Friday, November 23, 2007

A Simple Word that Packs a Punch. Forgiveness.

There is a lot to be said for this little word, Forgiveness.
It sounds like such an easy thing to do. An easy thing to say. "I forgive you." Right?
Hmmmm...I kid myself to say yes. Especially when I'm hopping mad and I feel I have the right to be. Awhile ago, I experienced something of the sort. And I was so angry I just wanted to blast the person. But at least my reaction has changed over the years from blurting out exactly how I feel to taking the time to think things through and see what I need to do about myself before approaching the other person.

"Forgive them, Colleen." My friend said. "The first thing you need to do is forgive them in your heart." I knew she was right. No matter how justified I felt in my anger, I knew that I would not be justified before the Lord. How many times are we to forgive? "Seventy times seven." Jesus said. And then I thought of all the times I have come to the Lord and needed to ask for his forgiveness and grace and mercy ...too many to count and He forgives me every time. How then, dare I hold my anger over someones head? I cannot.

But I also knew that I was still so mad in my feelings, that I needed Him to give me the grace in order to forgive, because I just didn't have it in my own strength. So after mediating for awhile on this and His mercy and forgiveness over me in my life, I knew He would help me to let go. But for some reason, it wasn't enough to just confess it in my head. I had to say it out loud to myself so that my own ears heard it.

So I did it. I said it out loud to myself and meant it. Then didn't think much more about it. But I realized awhile later that the weight that was sitting on me had disappeared. There was no weight any more. Only peace. Peace in my soul and my flesh was shut up and had nothing to complain about.

Could I have done this on my own and meant it? No. If there's one thing I've learned about myself it's that my love for people runs out. But His love never does and when I drink from His well, there is always enough love to go around. His Love is powerful and I'm so glad that I can have it too.

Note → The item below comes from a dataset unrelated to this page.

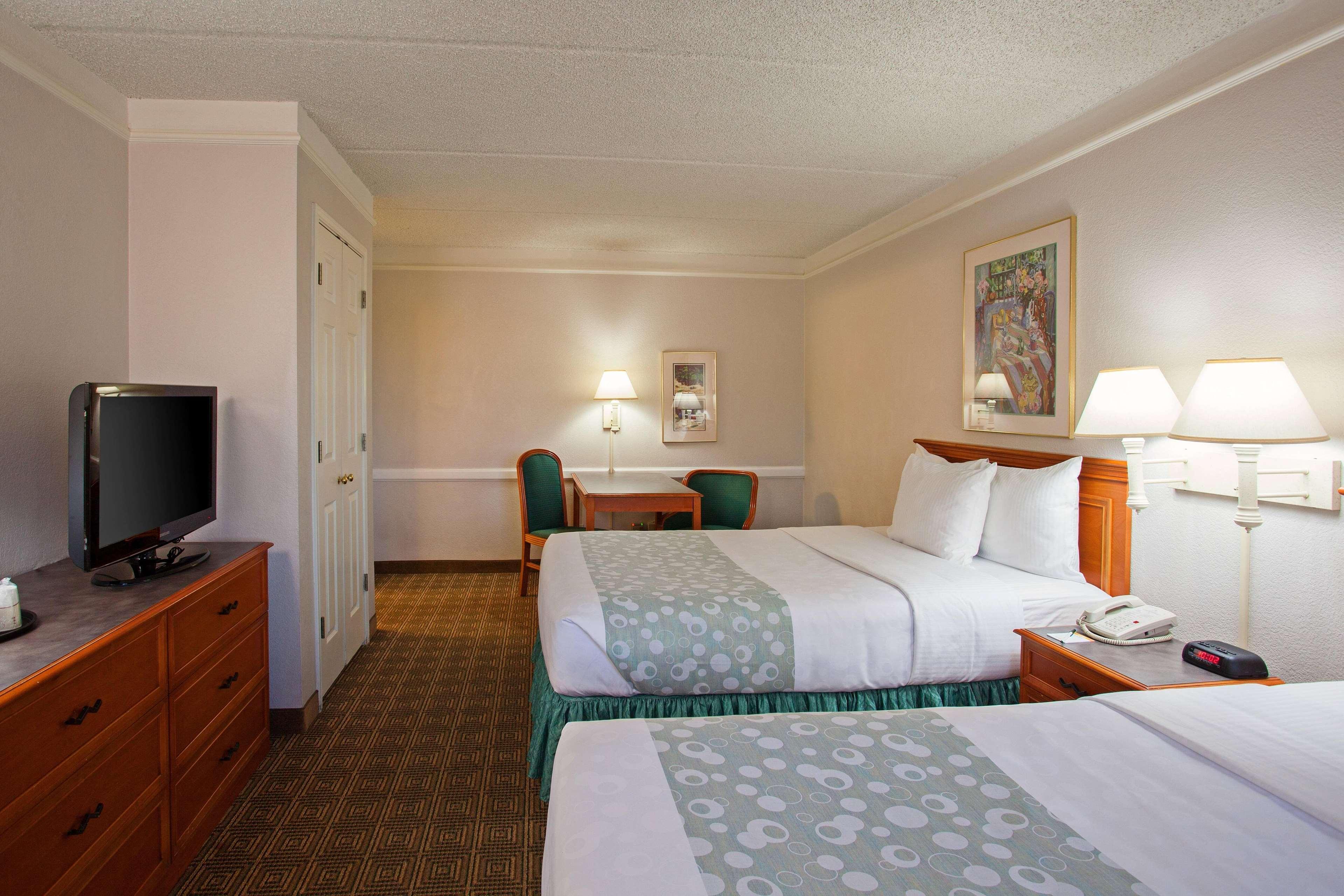 La Quinta Inn & Suites By Wyndham San Bernardino Bagian luar foto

Matthew 6:14 "Yes, if you forgive others for their sins, your Father in heaven will also forgive you for your sins. But if you do not forgive others, your Father in heaven will not forgive your sins." --Jesus

Monday, November 5, 2007

Rock Steady

I love that phrase. I know it's from an Aretha Franklin song but here's the juicy on that. (In my opinion) Nothing makes me wanna Rock Steady on life more than, not just knowing Jesus, but knowing that He's crazy abut me. ME! (And I know me...and I often feel like "Woah is me.")
I still can't grasp this. I don't think I ever will until I meet Him. But today, I feel like I got some revelation about something that I was actually praying for the opposite of. Nevertheless found myself reading in His Word a Truth that set me free. All I can say is that finding oneself content in Him has got to be one of the greatest blessings outside of Salvation. He IS my Rock that keeps me Steady. Rock On.

Psalm 19:14 "I hope my words and thoughts please you. Lord, you are my Rock, the one who saves me."

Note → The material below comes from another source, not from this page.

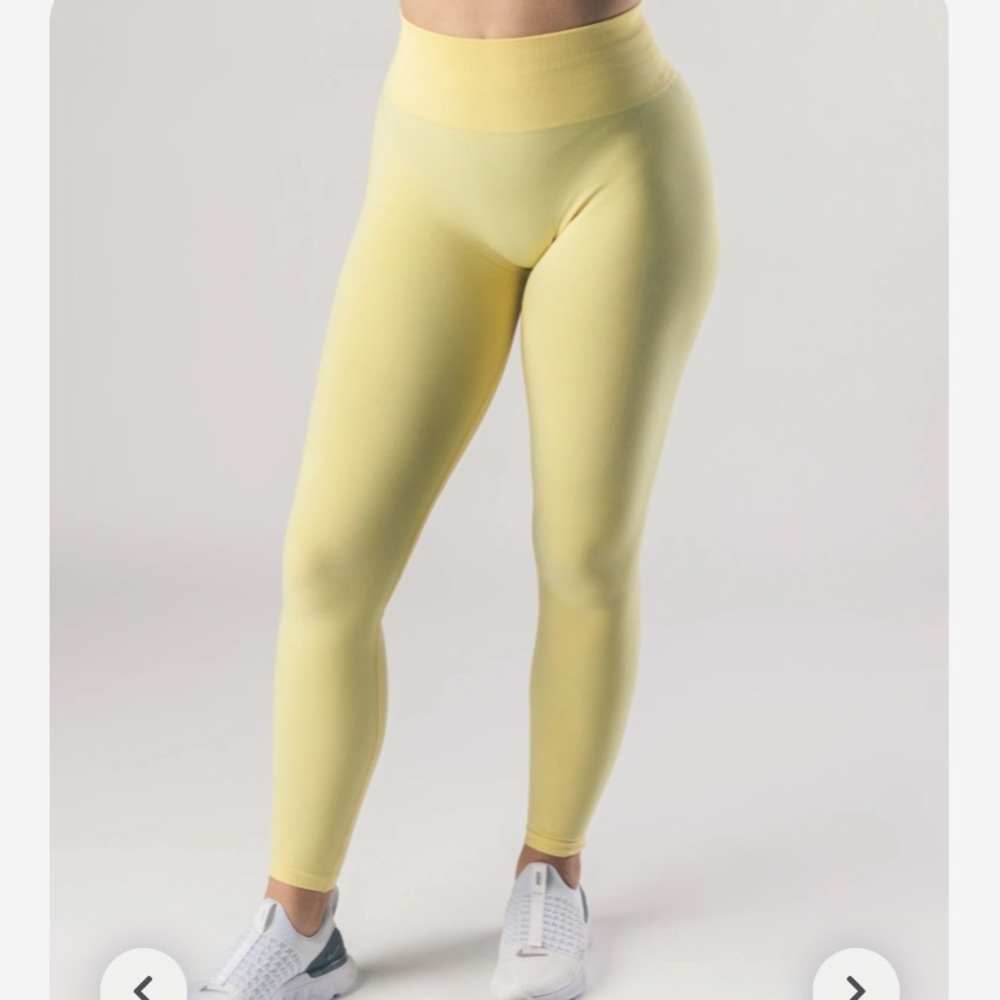 Alphalete leggings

Thursday, November 1, 2007

How will I know?

Something that truly concerns me...
My roommate was raised on a farm. She said once that if you were to look at just the face of a sheep and the face of a goat they are really quite similar. This got me thinking about the time I stayed on a friends farm. I went out into the fields to walk them alone and found myself wondering the difference between which were wheat and which were tares. It was hard to tell.

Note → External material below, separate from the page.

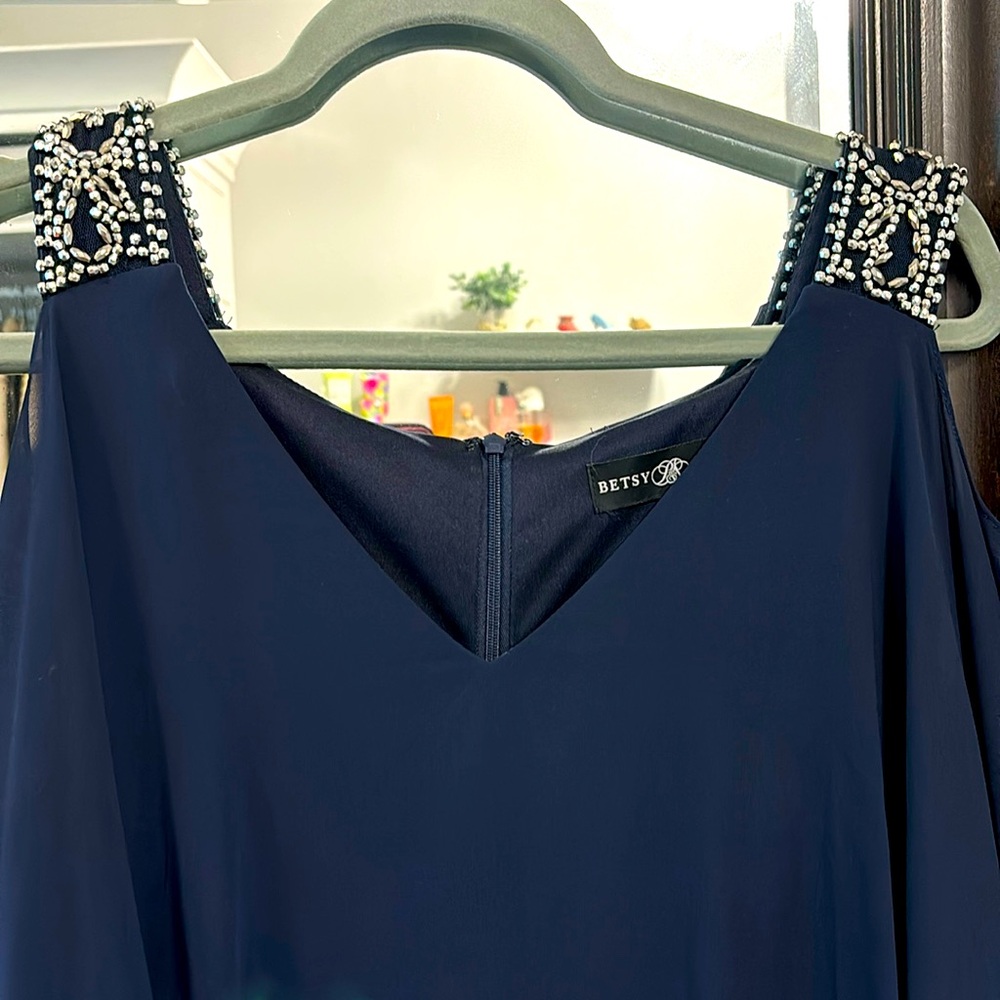 Formal Short Dress. Size 14W.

I have times where I sense an urgency within myself about something and I'm not quite sure what it is, but I know that it's a spiritual urgency. I have for the first time this year begun to ask myself a scary question. "How do I know if I am a sheep or a goat?" "How do I know that I am a wheat and not a tare?" How do we know these things if they are so similar? How do I really know if I really love God for the right reasons?

My brain feels so cramped by these thoughts, that I don't think I can write more on this subject...at least not yet, but one thing is for sure, I must pursue the answer.